Writing in The New York Times, Nicole Hemmer commented that Buchanan knew that “the greatest vacuum in American politics is to the right of Ronald Reagan.” Hemmer recalled Buchanan’s campaigns for president in the 1990s (against President George H.W. Bush, Senator Robert Dole, and Texas Governor George W. Bush), in which Buchanan raised issues that few seemed all that interested in at the time.
“I am calling attention to a national disgrace,” Buchanan told a crowd of supporters on the nation’s southern border in 1992. That “disgrace” was the failure of the national government to protect the borders of the United States. As Hemmer noted, he called for a “Buchanan fence” to block migration from the south.
She credited — or blamed — Buchanan for the election of Donald Trump in 2016, and certainly Trump’s themes of “America First” were little different from the themes trumpeted by Buchanan years earlier: opposition to the globalism that was promoting so-called free trade and military adventurism around the world.
The Intelligencer was even more critical, arguing that Pat “pursued a variety of extremist opinions,” adding that “now that Buchanan has put down his pen as a writer after just over 60 years of scribbling, it’s a good time to recognize his evil influence and unholy prescience.”
And what was this supposed evil influence? “From the very beginning, Buchanan incessantly supported the idea Republicans should repudiate not just the moderate GOP of the Dewey-Eisenhower-Rockefeller era but the entire post-World War II bipartisan legacy of mild liberal internationalism at home and abroad.”
“We must not trade in our sovereignty for a cushioned seat at the head table of anyone’s new world order,” Buchanan warned, adding that “our Western heritage is going to be handed down to future generations, not dumped onto some landfill called multiculturalism.” He insisted that we move toward “a new patriotism, where Americans begin to put the needs of American first.”

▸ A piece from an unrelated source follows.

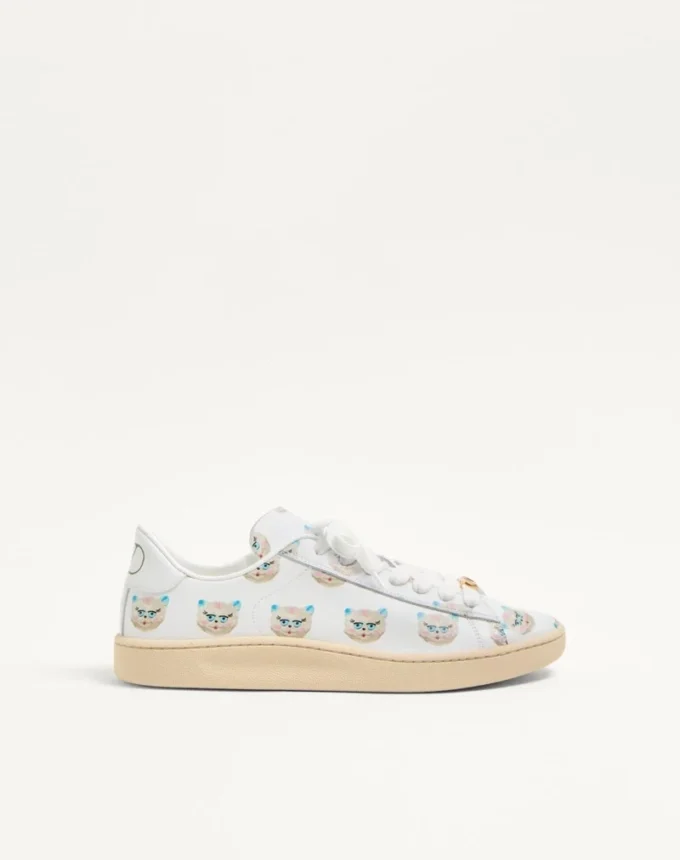 Royco Sneaker aus Nappakalbsleder mit Le Chat De La Maison-Motiv Royco Sneaker aus Nappakalbsleder mit Le Chat De La Maison-Motiv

In 1992, the Union-Leader newspaper in New Hampshire, in an endorsement of Buchanan over incumbent Republican President George H.W. Bush in that state’s first-in-the-nation primary, the late publisher Nackey Loeb wrote, “He wants to protect Americans from a government that continues to increase our tax burdens and decrease our ability to manage our own affairs. He believes that America should be first and that it is the primary responsibility of the Presidency to see to it; and that we should remove ourselves from all foreign entanglements except for those that directly benefit the United States.”
It has been reported that the 84-year-old Patrick Buchanan is working on a final memoir. I for one am looking forward with great anticipation to reading it.
Since the 1980s, I have been the editor of The Oklahoma Constitution newspaper, and at an event honoring our paper, my partner Ron McWhirter and I were described by a state representative as the “William F. Buckleys of Oklahoma.” I thanked him for his kind words, but offered a mild correction.
We wanted to be known as the Pat Buchanans of Oklahoma. I would still wear such a title very proudly, but I am not sure there will ever be another Pat Buchanan.